さくらい行政書士事務所 相続放棄 限定承認

多額の債務(借金)を抱えたまま亡くなってしまった場合、プラスの財産からこの債務(借金)をマイナスの財産を差し引いた額が相続財産になります。プラスの財産以上にマイナス財産が多ければ、相続人が残った債務(借金)を返済しなければならない義務を負うことになります。

 

その返済義務を避けたいとき、または多額の債務(借金)がどれくらいあるかわからないとき、「相続放棄」を選択する方法があります。故人が亡くなった(相続の開始)ことを知った日から3か月以内(熟慮期間)に家庭裁判所に申し出る(申述する)必要があります。

似たような制度に「限定承認」があり、これはプラスの財産の範囲内でマイナスの財産を承継することで、やはり故人が亡くなった(相続の開始)ことを知った日から3か月以内(熟慮期間)に家庭裁判所に申し出る(申述する)必要があります。

大きな違いは、「限定承認」は相続人全員で申し出る必要があることに対し、「相続放棄」は単独でできることです。 3か月の熟慮期間に「相続放棄」か「限定承認」を選択しなかった場合は、「単純相続」と言ってプラスの財産もマイナ財産もすべて相続人が相続することが決定します。

仲が悪い家族で、多額の借金を抱えていたであろう父が亡くなり、配偶者がなく、子供3人(兄弟)が残った場合、相続人(法定相続人)は3人となりますが、子供の内1人が「相続放棄」をしてしまうと、残りの子供の2人に借金が残ってしまうことになってしまいます。 よく話し合って、3人全員で「限定承認」を選択する方が良いケースです。

一方、「相続放棄」か「限定承認」をした場合、相続税の基礎控除(3,000万円+600万円x法定相続人数)や、生命保険金・死亡退職金の非課税額(500万円x法定相続人数)の計算に使用する「法定相続人数」には影響はありません。

また、注意が必要なケースがあります。上記の仲の悪い3人兄弟のケースで「相続放棄」や「限定承認」を行わず、遺産分割協議の結果、長兄1人がほとんどの財産を相続し、遺産分割完了後に多額の借金が見つかった場合、この借金は3人共有して背負うことになります。 ほとんどの財産を相続した長兄だけではありません。遺産分割のやり直しということになりますが、既に3か月が過ぎていれば「相続放棄」や「限定承認」は選択できません。

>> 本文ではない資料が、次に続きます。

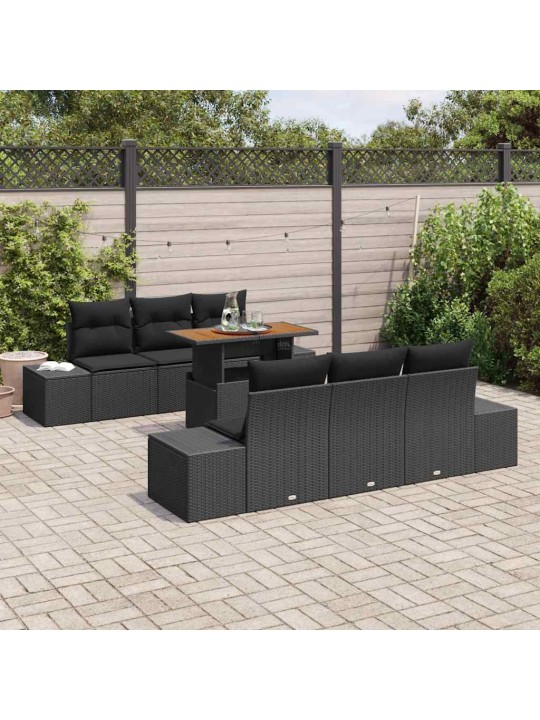 Aia söögilaudade komplekt 7 tk must ja pruun 100 x 55 x 73 cm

故人が亡くなってすぐに借金の有無を調査することが必要です。故人が残した遺品の中に金融機関から催促状などがないか地道に探すしかありません。 もし、いくら調査しても見つからず、3か月の熟慮期間内に「相続放棄」、「限定承認」は選択できない場合、家庭裁判所に申し立て熟慮期間の延長をしてもらう方法もあります。